What needs to be done. At the line that holds "This article was", start repeating, and keep going exactly through the final line of the material; include both ends and skip the pictures.

Records for this exercise.
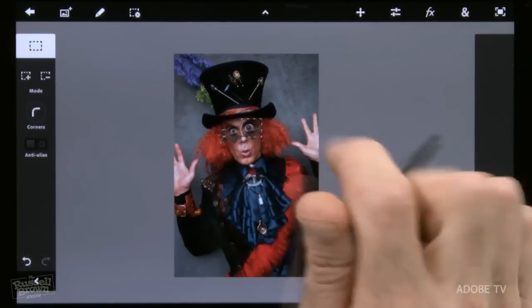So there you go — a few tips and techniques for working with the new Warp feature here in Photoshop Touch. Give it a try.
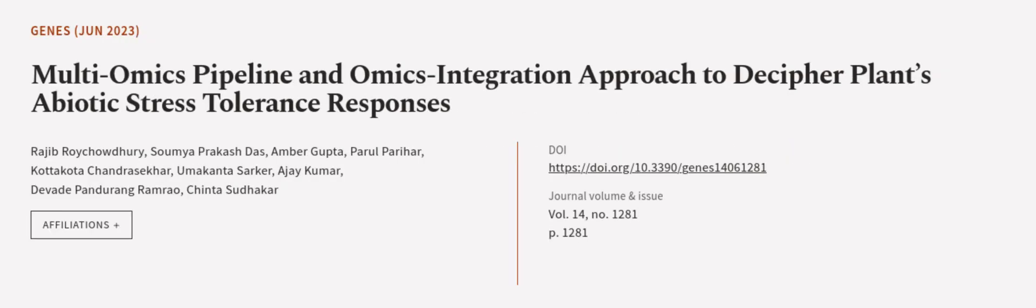This article was authored by Raji Broychothari, Somya Prakash Das, Ambar Gupta, and others. We are article.tv, links in the description below.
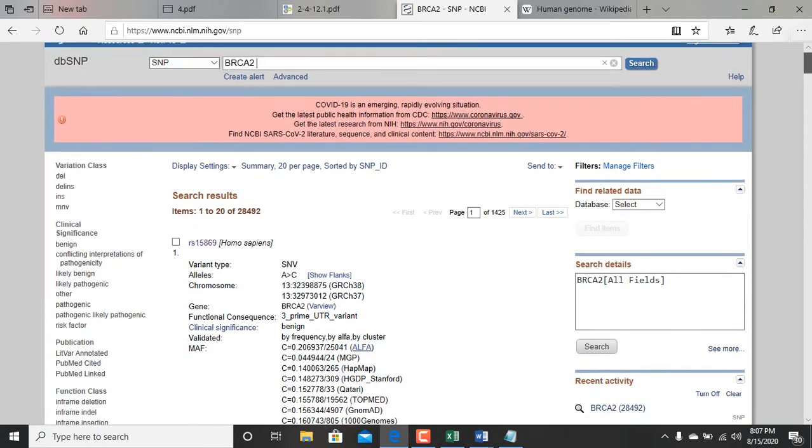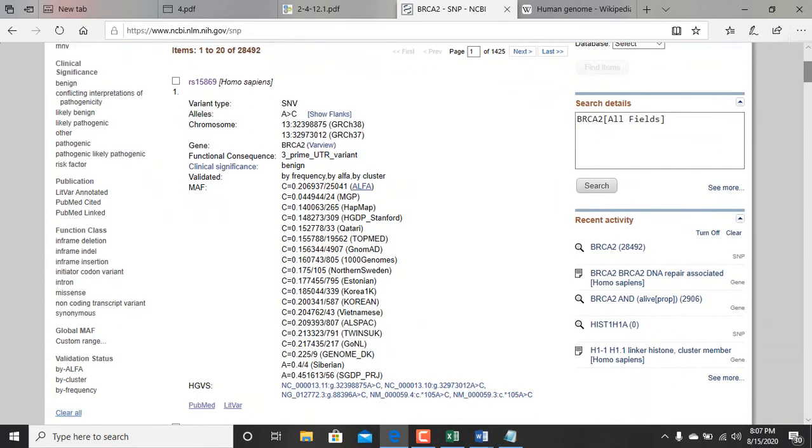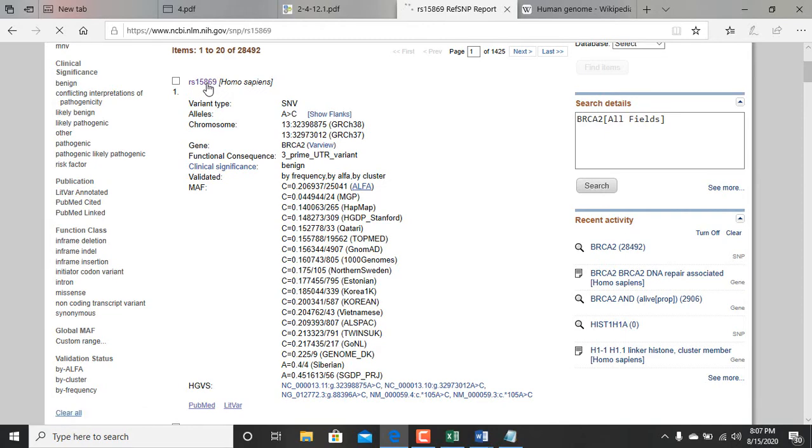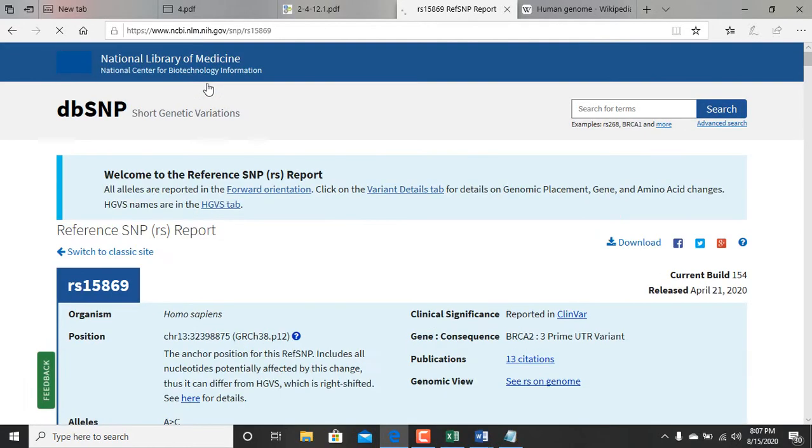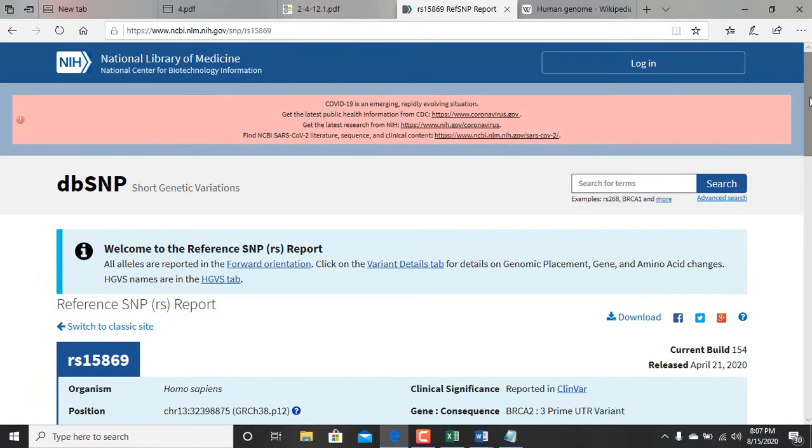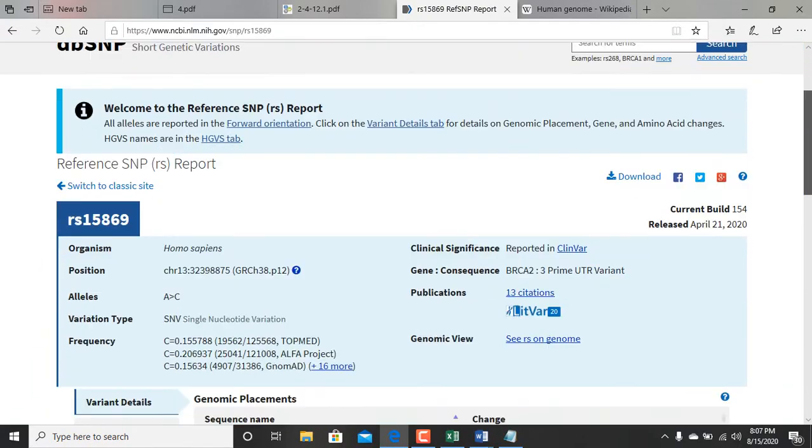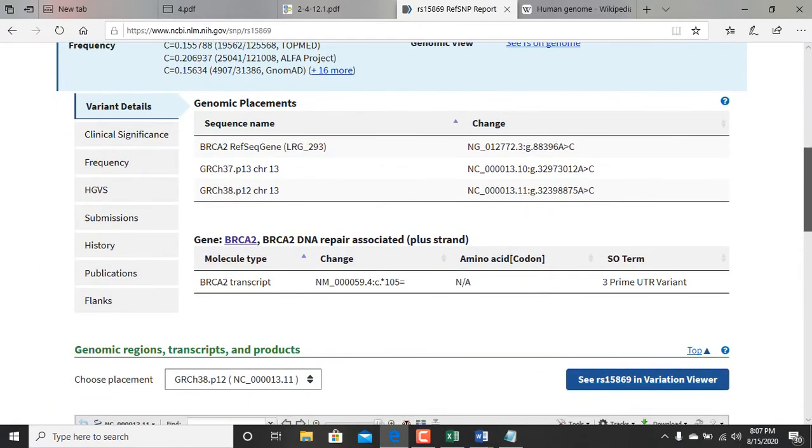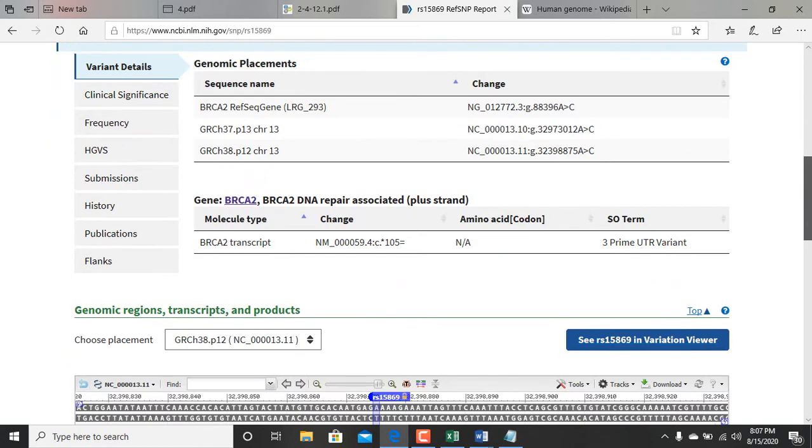You can choose any of these results to check the SNP. Let me use the first one. This is my results, this is what I got.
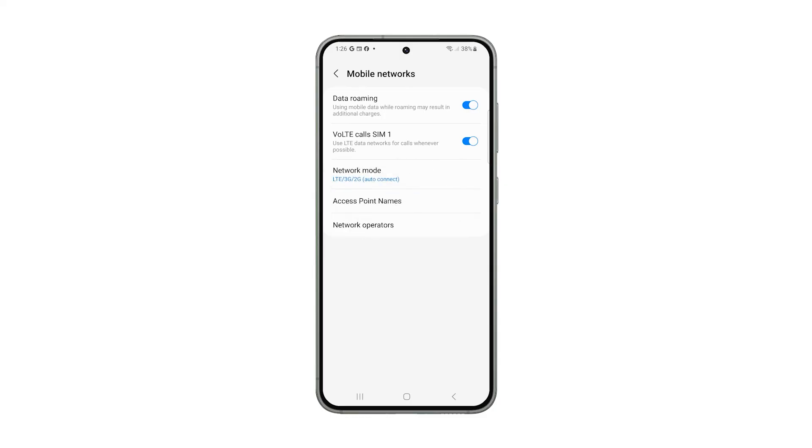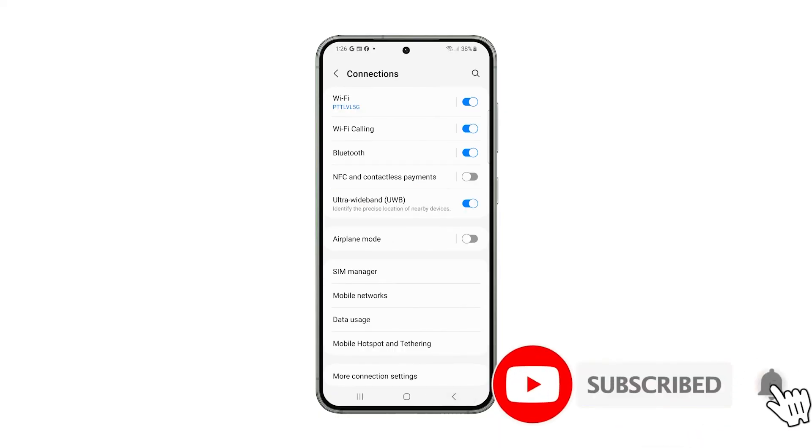And that's how you disable 5G on your Samsung Galaxy. We hope this guide can help you. Thanks for watching.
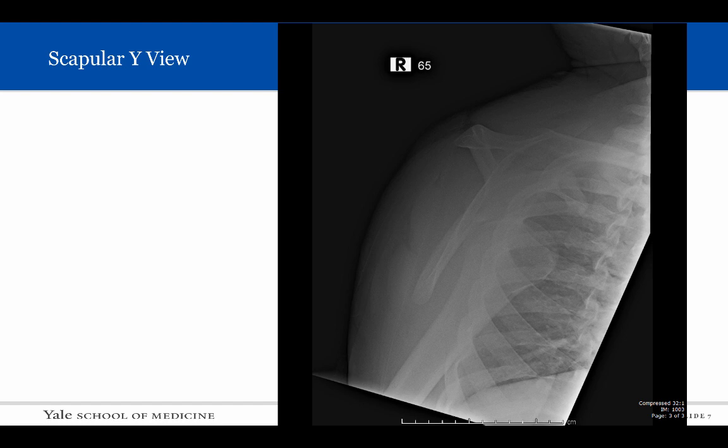We cannot definitely determine whether the dislocation is anterior or posterior on those views alone. The scapular Y view radiograph shows us the orientation of the humeral head to the glenoid. The Y is formed by the intersection of the scapular body, scapular spine, and coracoid process. The glenoid fossa lies at the intersection of these lines, and the humeral head is positioned anterior and inferior to the glenoid fossa.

Answer.
This article was authored by Raji Broychothari, Somya Prakash Das, Ambar Gupta, and others. We are article.tv, links in the description below.
You can choose any of these results to check the SNP. Let me use the first one. This is my results, this is what I got.
And that's how you disable 5G on your Samsung Galaxy. We hope this guide can help you. Thanks for watching.
We cannot definitely determine whether the dislocation is anterior or posterior on those views alone. The scapular Y view radiograph shows us the orientation of the humeral head to the glenoid. The Y is formed by the intersection of the scapular body, scapular spine, and coracoid process. The glenoid fossa lies at the intersection of these lines, and the humeral head is positioned anterior and inferior to the glenoid fossa.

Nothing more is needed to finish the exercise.